Government announces major workforce expansion for the field

More addiction psychiatry posts and new training curricula for drug and alcohol workers, children and young people’s workers, and peer support staff form part of a new ten-year workforce plan launched by the Office for Health Improvement and Disparities (OHID) and NHS England (NHSE).

New training curricula for the currently unregulated roles will be available by March 2025, with accredited training two years later. More regulated professionals in the sector will lead to high-quality clinical governance and supervision, the government states, with the addiction psychiatry training posts also available by March 2025.

The workforce plan aims to help people to get their lives back on track.

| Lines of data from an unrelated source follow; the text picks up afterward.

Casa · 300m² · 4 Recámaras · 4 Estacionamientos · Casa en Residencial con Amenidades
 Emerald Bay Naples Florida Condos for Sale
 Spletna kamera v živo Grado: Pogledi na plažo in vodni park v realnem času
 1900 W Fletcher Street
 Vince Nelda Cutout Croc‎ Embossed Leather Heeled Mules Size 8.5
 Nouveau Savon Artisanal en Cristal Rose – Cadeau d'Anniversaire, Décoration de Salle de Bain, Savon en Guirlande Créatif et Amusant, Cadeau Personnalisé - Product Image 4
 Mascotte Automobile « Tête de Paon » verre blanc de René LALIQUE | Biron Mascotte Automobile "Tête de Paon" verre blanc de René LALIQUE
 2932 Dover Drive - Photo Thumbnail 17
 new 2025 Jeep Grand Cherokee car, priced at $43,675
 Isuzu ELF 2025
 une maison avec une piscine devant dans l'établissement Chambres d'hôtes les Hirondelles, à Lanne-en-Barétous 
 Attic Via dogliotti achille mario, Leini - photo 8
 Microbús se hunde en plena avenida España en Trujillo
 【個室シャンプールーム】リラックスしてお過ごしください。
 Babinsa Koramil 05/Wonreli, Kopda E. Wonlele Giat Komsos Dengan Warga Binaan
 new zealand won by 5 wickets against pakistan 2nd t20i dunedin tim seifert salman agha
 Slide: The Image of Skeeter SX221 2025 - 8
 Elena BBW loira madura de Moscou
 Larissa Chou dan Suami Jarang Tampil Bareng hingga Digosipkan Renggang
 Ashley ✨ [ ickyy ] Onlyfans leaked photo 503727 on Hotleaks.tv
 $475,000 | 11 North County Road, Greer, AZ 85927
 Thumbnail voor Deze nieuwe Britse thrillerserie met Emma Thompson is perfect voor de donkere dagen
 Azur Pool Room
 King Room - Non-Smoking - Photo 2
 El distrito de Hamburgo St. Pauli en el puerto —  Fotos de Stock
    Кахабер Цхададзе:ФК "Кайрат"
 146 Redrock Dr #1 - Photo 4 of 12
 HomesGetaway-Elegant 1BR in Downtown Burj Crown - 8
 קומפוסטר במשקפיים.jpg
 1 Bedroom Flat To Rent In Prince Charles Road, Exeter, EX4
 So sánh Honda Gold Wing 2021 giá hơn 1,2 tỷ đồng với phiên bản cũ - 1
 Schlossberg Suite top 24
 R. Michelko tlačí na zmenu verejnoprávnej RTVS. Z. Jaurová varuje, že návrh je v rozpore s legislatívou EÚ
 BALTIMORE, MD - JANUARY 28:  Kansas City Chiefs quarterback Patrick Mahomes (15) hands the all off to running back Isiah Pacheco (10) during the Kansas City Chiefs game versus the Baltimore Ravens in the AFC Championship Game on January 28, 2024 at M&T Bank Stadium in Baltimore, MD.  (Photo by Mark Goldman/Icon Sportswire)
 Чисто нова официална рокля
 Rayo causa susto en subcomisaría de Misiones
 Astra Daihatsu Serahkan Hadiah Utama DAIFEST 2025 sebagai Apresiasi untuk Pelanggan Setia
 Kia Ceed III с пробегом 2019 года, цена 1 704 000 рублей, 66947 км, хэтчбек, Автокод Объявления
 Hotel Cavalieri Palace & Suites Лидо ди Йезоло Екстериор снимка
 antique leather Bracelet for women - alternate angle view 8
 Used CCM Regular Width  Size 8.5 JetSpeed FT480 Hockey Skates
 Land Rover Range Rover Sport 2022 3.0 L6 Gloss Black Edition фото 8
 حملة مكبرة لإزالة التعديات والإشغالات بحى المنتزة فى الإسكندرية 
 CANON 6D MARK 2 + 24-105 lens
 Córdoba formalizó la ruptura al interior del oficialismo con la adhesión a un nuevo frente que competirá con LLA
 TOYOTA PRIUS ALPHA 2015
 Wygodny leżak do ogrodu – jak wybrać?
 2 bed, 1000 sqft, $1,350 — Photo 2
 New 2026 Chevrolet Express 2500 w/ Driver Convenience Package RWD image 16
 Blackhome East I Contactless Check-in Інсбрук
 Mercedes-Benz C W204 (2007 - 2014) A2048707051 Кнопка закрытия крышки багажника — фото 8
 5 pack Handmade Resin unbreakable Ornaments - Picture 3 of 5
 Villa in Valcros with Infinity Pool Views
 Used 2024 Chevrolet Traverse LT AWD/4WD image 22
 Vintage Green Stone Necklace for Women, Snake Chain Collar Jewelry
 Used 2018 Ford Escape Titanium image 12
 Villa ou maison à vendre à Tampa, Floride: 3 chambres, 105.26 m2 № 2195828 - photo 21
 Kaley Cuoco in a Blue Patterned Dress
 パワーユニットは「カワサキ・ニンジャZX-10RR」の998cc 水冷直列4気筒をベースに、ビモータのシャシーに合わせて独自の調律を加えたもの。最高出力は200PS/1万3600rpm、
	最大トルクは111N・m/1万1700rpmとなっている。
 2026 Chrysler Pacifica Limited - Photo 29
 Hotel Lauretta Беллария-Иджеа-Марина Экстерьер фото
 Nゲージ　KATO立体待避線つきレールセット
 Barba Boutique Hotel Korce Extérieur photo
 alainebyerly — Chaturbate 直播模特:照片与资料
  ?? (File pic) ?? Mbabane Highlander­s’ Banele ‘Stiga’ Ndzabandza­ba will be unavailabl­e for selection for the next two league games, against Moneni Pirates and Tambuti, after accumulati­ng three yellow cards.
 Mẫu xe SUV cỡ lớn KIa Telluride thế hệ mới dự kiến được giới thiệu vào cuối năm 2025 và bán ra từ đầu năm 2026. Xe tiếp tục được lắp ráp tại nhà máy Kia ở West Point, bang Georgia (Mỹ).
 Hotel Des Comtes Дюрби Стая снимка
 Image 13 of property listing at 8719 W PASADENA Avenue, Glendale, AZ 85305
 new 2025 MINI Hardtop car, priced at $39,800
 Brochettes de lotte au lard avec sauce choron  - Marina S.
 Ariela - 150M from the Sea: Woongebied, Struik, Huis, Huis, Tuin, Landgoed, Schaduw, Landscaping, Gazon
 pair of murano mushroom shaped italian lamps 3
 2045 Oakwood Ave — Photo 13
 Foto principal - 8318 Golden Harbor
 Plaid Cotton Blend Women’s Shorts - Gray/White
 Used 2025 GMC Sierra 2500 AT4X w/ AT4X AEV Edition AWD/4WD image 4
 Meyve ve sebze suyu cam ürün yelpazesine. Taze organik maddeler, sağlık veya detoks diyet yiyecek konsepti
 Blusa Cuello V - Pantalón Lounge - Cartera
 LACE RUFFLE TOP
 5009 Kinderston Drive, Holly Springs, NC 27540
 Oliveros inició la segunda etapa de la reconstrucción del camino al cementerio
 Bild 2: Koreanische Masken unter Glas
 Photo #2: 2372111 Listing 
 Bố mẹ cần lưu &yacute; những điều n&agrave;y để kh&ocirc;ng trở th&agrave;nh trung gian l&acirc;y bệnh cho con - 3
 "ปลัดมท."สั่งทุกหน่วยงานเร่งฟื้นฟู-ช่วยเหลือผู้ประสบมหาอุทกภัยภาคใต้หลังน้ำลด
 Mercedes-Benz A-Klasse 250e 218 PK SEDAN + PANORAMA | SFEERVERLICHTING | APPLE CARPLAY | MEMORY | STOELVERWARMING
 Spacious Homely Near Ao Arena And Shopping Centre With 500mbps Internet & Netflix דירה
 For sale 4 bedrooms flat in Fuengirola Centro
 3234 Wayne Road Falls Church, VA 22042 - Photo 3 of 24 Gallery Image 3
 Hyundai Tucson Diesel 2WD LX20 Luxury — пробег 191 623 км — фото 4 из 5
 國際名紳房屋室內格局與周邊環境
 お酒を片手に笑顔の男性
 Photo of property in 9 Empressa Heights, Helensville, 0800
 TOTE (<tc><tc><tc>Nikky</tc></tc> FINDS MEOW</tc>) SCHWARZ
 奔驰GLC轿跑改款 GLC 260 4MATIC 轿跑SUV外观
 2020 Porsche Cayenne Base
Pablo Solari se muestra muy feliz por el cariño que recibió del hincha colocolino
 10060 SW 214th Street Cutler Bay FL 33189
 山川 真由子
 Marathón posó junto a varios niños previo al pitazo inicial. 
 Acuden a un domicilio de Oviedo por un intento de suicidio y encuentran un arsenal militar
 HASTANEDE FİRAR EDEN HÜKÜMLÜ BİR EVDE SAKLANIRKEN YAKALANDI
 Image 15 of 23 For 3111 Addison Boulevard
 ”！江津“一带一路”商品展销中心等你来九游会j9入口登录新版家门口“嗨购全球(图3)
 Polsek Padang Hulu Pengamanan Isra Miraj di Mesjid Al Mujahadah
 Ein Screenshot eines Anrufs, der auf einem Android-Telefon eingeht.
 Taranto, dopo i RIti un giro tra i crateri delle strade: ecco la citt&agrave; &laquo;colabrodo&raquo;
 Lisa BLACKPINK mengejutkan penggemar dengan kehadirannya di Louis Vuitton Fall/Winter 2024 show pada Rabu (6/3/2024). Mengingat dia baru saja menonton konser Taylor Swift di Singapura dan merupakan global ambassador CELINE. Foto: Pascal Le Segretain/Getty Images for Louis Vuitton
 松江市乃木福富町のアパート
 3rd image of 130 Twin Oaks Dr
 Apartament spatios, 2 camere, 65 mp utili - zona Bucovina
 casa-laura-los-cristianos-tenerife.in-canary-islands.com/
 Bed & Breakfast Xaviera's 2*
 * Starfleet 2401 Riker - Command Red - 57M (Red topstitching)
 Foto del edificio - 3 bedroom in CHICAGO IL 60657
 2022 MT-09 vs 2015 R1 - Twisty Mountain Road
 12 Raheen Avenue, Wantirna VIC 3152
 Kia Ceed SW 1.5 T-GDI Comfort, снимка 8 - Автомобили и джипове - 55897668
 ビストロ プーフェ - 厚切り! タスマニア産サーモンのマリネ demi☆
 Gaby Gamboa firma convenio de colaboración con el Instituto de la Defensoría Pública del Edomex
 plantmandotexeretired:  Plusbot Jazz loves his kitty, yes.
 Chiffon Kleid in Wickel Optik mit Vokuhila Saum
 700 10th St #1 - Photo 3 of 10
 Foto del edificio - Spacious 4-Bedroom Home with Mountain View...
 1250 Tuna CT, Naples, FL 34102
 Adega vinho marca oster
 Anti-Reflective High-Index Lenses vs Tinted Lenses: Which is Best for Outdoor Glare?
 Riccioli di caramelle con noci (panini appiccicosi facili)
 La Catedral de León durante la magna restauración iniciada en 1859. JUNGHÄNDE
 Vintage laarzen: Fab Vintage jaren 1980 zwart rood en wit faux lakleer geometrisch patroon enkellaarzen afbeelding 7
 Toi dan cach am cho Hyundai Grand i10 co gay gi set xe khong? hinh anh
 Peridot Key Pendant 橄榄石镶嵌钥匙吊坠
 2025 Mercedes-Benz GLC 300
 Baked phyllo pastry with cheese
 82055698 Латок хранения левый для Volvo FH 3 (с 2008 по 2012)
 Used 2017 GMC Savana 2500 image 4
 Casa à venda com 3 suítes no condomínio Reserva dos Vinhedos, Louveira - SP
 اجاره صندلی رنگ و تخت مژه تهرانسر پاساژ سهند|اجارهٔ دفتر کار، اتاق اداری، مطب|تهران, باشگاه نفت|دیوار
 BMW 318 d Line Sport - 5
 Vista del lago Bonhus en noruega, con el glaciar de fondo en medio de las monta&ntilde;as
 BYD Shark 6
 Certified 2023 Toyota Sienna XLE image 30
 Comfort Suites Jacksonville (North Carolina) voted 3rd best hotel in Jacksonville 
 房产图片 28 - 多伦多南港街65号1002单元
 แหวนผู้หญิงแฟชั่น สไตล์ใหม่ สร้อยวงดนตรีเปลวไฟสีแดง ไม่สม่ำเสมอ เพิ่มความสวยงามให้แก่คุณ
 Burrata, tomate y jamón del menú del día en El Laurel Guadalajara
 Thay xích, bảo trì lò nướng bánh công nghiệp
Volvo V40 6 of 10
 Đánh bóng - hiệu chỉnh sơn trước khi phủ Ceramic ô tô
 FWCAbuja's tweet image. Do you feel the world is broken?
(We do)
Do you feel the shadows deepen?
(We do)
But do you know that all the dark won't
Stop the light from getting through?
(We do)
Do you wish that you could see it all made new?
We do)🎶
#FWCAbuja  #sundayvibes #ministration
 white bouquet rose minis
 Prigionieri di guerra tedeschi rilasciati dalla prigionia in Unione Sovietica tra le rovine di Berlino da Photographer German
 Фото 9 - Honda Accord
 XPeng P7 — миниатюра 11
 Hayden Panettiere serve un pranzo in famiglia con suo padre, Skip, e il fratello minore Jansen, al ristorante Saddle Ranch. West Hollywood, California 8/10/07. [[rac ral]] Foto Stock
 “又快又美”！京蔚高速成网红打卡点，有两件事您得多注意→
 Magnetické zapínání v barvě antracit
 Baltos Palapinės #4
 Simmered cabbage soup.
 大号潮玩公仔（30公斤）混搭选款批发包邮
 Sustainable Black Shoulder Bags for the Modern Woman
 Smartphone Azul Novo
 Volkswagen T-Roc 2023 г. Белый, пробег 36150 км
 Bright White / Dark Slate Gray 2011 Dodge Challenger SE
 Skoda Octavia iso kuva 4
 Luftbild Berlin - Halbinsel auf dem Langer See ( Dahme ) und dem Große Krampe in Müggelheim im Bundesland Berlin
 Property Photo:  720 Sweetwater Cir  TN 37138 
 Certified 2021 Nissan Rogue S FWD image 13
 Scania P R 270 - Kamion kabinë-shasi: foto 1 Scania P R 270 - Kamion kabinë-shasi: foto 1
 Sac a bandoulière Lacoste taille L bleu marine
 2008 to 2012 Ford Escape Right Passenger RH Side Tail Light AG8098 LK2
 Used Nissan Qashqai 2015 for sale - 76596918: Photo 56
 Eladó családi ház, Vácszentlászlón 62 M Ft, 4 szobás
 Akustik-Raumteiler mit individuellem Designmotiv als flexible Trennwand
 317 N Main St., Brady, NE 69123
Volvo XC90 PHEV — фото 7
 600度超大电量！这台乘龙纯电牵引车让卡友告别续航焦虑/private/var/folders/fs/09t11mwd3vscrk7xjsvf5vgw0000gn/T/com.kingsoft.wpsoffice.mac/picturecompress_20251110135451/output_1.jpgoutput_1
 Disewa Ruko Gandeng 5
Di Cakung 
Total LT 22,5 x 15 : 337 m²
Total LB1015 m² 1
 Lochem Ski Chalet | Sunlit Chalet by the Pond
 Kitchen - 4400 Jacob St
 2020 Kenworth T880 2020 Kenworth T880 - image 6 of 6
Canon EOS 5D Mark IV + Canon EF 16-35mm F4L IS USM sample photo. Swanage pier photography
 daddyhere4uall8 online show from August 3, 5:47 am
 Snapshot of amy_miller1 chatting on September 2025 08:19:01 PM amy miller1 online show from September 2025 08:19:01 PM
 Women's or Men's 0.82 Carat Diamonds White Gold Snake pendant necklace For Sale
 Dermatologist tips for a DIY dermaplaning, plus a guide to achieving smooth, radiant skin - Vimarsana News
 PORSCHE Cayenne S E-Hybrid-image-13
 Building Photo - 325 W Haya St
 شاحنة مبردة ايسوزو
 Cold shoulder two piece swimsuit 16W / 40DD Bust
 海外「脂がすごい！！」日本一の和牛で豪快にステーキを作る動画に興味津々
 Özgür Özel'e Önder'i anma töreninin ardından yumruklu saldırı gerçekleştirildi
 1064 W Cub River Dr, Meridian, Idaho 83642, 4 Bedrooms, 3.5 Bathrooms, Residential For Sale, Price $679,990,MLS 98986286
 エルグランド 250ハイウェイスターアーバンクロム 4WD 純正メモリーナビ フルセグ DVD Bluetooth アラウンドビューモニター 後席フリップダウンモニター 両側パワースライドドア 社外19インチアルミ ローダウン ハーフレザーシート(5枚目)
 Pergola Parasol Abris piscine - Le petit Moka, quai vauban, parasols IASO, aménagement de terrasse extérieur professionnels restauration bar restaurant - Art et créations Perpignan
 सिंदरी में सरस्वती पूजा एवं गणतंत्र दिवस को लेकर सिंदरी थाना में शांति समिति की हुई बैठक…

The national workforce plan – the first of its kind for the drug and alcohol sector – includes one-year, three-year and ten-year milestones, and builds on the drug strategy’s workforce expansion of 800 more medical and mental health professionals, 950 drug and alcohol and criminal justice workers, and more commissioners in every local authority area by the end of 2024-25. Almost 4,000 additional staff have already been recruited using drug strategy funding, the government adds.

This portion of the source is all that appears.